Betty estaba feliz, radiante. Esto era lo que realmente le gustaba hacer. Tenía una soltura y una gracia no común en las niñas de su edad, lo que quedó de manifiesto cuando cantó y bailó para un festival escolar en el Teatro Roma, de Avellaneda. Tenía ocho años. Sin saberlo, sin siquiera darse cuenta, estaba realizando su debut artístico. Su verdadero destino estaba dando las primeras e inconfundibles señales.
A los 9 años tomó la primera comunión en la Catedral de Avellaneda, con un hermosísimo traje blanco, confeccionado también por su madre, que ella lucía orgullosa y feliz.

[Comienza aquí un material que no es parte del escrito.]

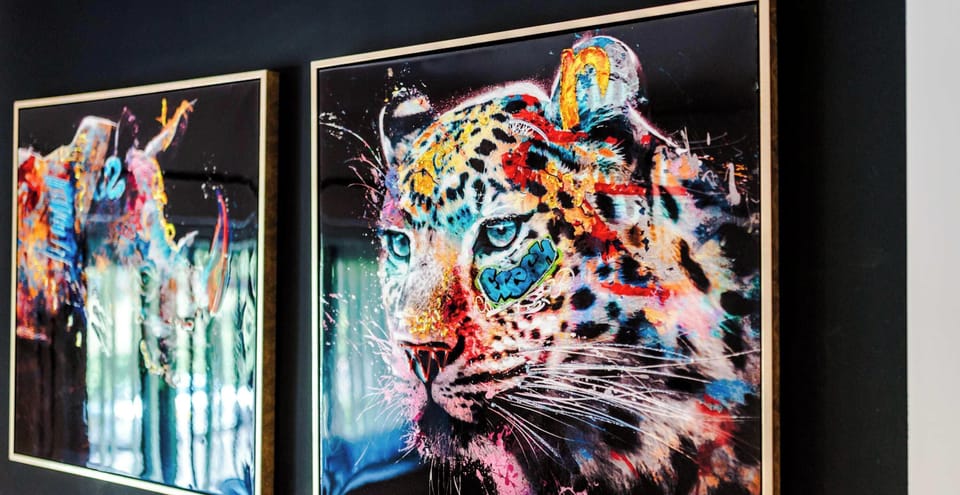 This striking abstract wall art adds a bold and creative touch to the home’s interior. 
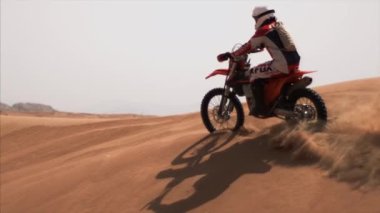 Dubai motosikletçisi çölde geziyor.
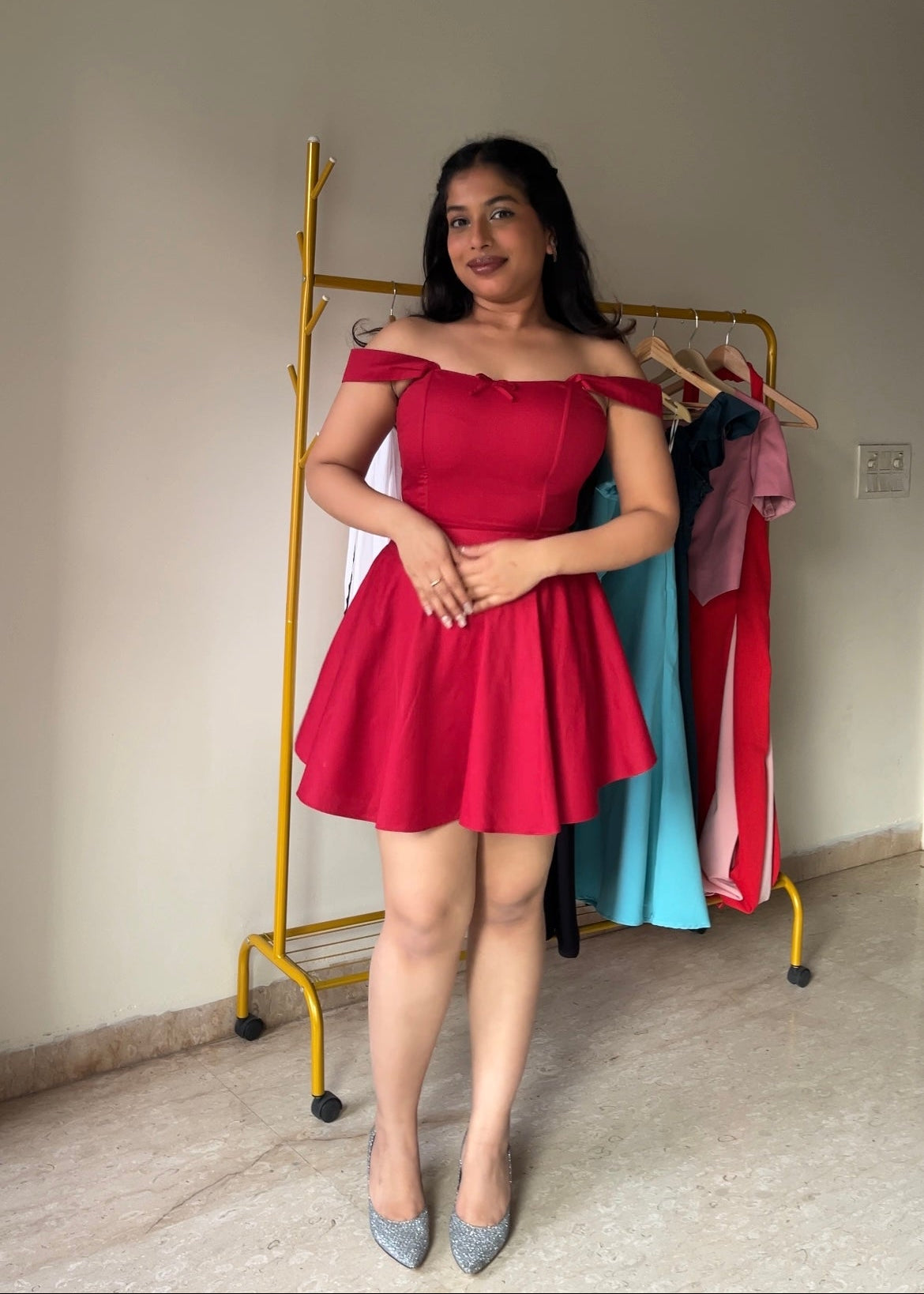 Woman in a red dress standing in front of a clothing rack with other dresses.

Beatriz escuchaba radio habitualmente. Un anuncio, en la audición “Nuevas caras para el cine nacional”, que dirigía un personaje con el seudónimo de “La dame de pique”, en Radio Splendid, llamó su atención: se pedían damitas jóvenes para el cine y, para ello, las interesadas debían mandar una fotografía a la emisora. Buscaban a una jovencita y Betty era apenas una niña, pero eso no le parecía más que un detalle sin importancia que no sería impedimento para rogar cuanto hiciera falta. Y tanto insistió y tanto zalamereó a su madre, que fue esta quien, una vez más, se ocupó de convencer a Pedro. La primera reacción del hombre fue una firme negativa, que luego dejaría de ser tan firme frente a la dulzura de Angélica y el entusiasmo de Betty. Estas razones, sumadas a aquellas palabras que escuchara de boca del maestro Málaga indicándole que su hija tenía “maera”, fueron los argumentos convincentes que le hicieron ceder en su determinación.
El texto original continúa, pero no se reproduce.